SOURCE MATERIAL below:

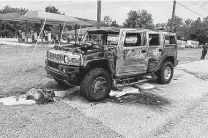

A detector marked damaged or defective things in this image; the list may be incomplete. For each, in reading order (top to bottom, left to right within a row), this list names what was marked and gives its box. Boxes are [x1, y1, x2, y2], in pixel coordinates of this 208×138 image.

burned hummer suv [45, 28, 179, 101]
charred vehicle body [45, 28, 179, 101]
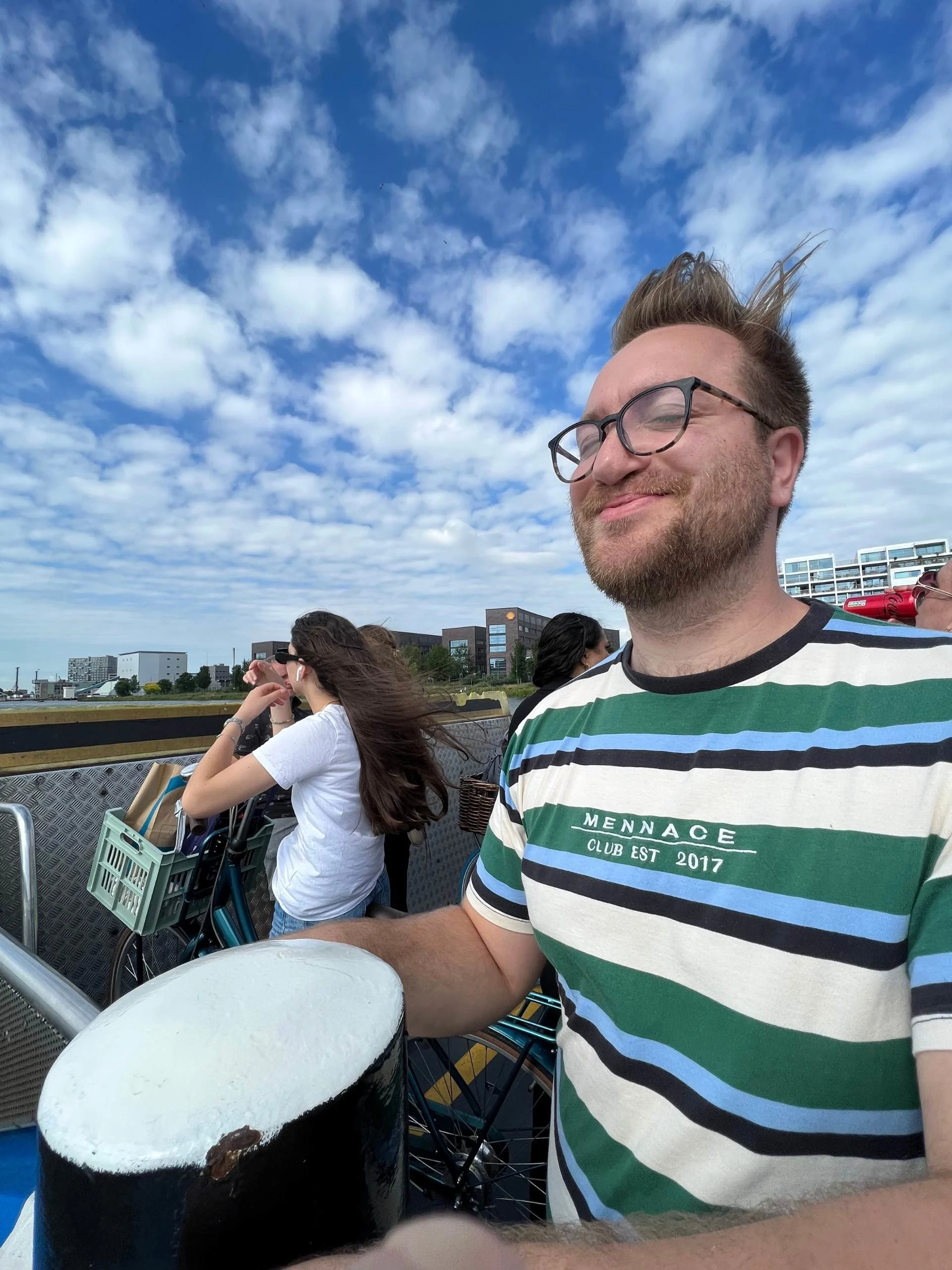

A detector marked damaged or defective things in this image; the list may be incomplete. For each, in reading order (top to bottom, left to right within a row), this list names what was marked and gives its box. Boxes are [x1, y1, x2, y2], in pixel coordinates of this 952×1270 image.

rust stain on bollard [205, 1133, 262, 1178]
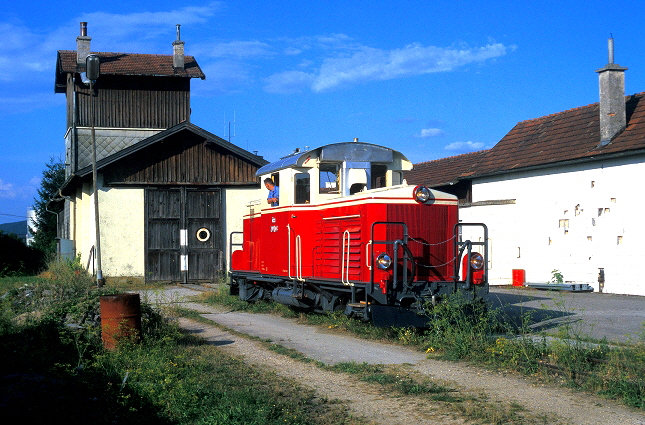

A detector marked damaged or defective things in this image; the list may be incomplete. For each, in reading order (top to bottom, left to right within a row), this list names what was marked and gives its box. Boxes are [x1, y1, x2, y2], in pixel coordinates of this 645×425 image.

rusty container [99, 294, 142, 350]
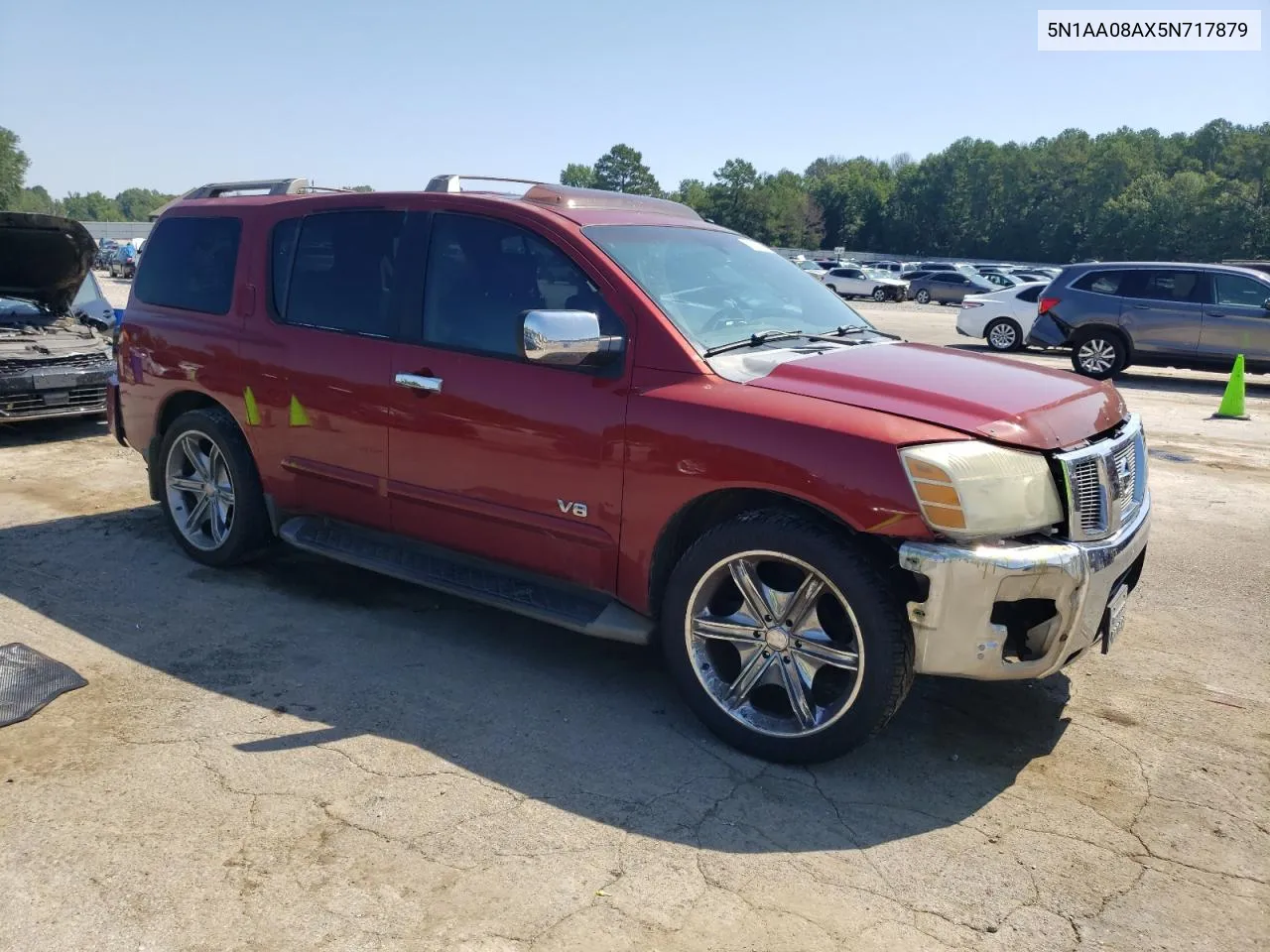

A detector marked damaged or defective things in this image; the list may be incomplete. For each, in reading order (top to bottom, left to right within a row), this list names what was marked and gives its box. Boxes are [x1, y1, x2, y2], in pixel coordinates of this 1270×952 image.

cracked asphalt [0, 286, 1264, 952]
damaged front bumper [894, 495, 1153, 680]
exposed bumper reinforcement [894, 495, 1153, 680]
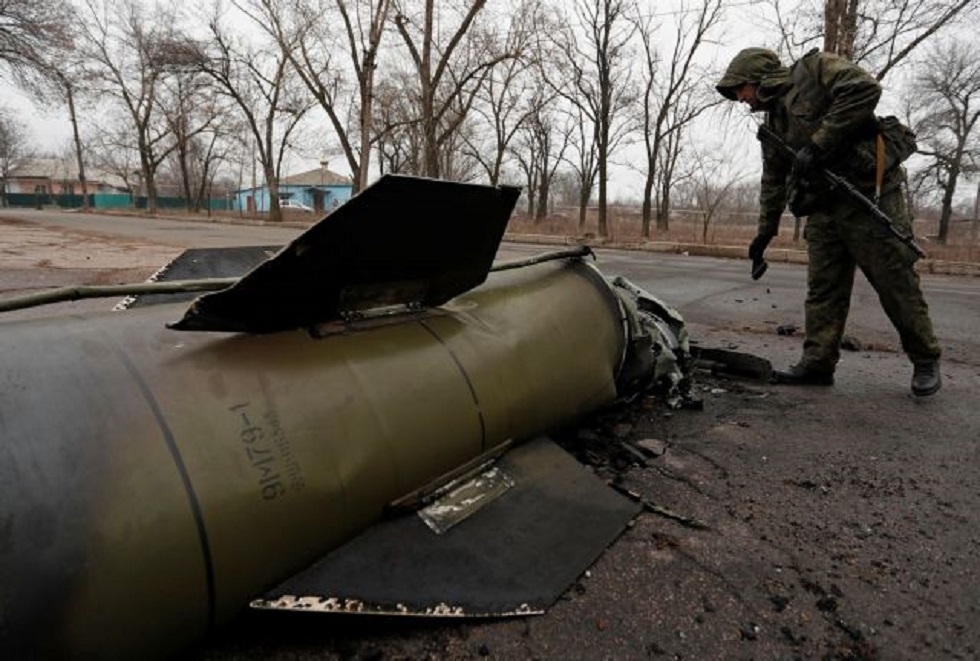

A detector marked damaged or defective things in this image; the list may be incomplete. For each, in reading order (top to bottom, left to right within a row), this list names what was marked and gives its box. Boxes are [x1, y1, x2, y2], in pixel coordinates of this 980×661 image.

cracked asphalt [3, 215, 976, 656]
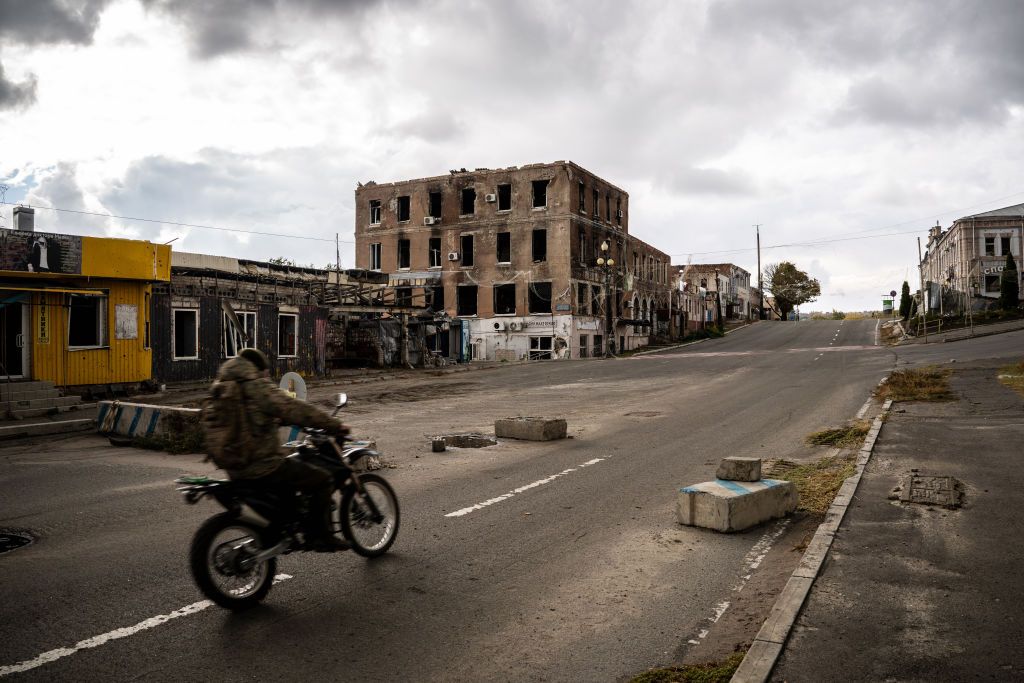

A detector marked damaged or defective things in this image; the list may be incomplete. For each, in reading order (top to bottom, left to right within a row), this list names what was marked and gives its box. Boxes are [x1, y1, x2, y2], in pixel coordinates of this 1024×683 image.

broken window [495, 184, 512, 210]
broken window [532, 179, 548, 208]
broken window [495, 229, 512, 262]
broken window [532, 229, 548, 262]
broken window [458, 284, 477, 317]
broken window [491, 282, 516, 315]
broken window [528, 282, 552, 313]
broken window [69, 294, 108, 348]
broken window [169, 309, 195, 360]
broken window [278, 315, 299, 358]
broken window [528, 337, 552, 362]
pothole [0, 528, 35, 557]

End of SOURCE MATERIAL.

■ **TASK ITEM**
What you hand back should match the listing exactly, except that no pictures appear.

■ **WRITTEN REPLY**
A detector marked damaged or defective things in this image; the list may be incomplete. For each, in reading order (top to bottom, left to right within a row), this list names what was marked and gives its box. Boxes are [x1, y1, x2, y2], in pixel coordinates of this 208×138 image.

burned hummer suv [45, 28, 179, 101]
charred vehicle body [45, 28, 179, 101]

A detector marked damaged or defective things in this image; the list may be incomplete. For each, in reading order (top to bottom, left to right within a row), this list names what was marked and gives its box. Boxes are [x1, y1, x2, y2], in pixel coordinates of this 952×1270 image.

rust stain on bollard [205, 1133, 262, 1178]

A detector marked damaged or defective things in this image; the list may be incomplete. For each, in reading order (top to bottom, left to right within a row), this list names what was marked and gives its box. Boxes are [x1, y1, x2, y2], in pixel coordinates of this 645×425 image.

rusty container [99, 294, 142, 350]

A detector marked damaged or defective things in this image; the list may be incomplete. For each, in reading order (top to bottom, left to right within a row), this list names what was marked and gives its box. Boxes are [x1, y1, x2, y2], in pixel coordinates of this 1270×952 image.

cracked asphalt [0, 286, 1264, 952]
damaged front bumper [894, 495, 1153, 680]
exposed bumper reinforcement [894, 495, 1153, 680]

A detector marked damaged or defective things in this image; the list may be incomplete. For each, in reading order (top to bottom, left to right within a row), this list names what was marked and gives its box. Boxes are [x1, y1, x2, y2], in pixel coordinates of this 980×661 image.

cracked asphalt [3, 215, 976, 656]

A detector marked damaged or defective things in this image; the list may be incomplete. For each, in reading order (top to bottom, left to right within a row), this list names what was marked and gives its box. Boxes are [x1, y1, x2, y2], in pixel coordinates of this 1024×683 image.

broken window [495, 184, 512, 210]
broken window [532, 179, 548, 208]
broken window [495, 229, 512, 262]
broken window [532, 229, 548, 262]
broken window [458, 284, 477, 317]
broken window [491, 282, 516, 315]
broken window [528, 282, 552, 313]
broken window [69, 294, 108, 348]
broken window [169, 309, 195, 360]
broken window [278, 315, 299, 358]
broken window [528, 337, 552, 362]
pothole [0, 528, 35, 557]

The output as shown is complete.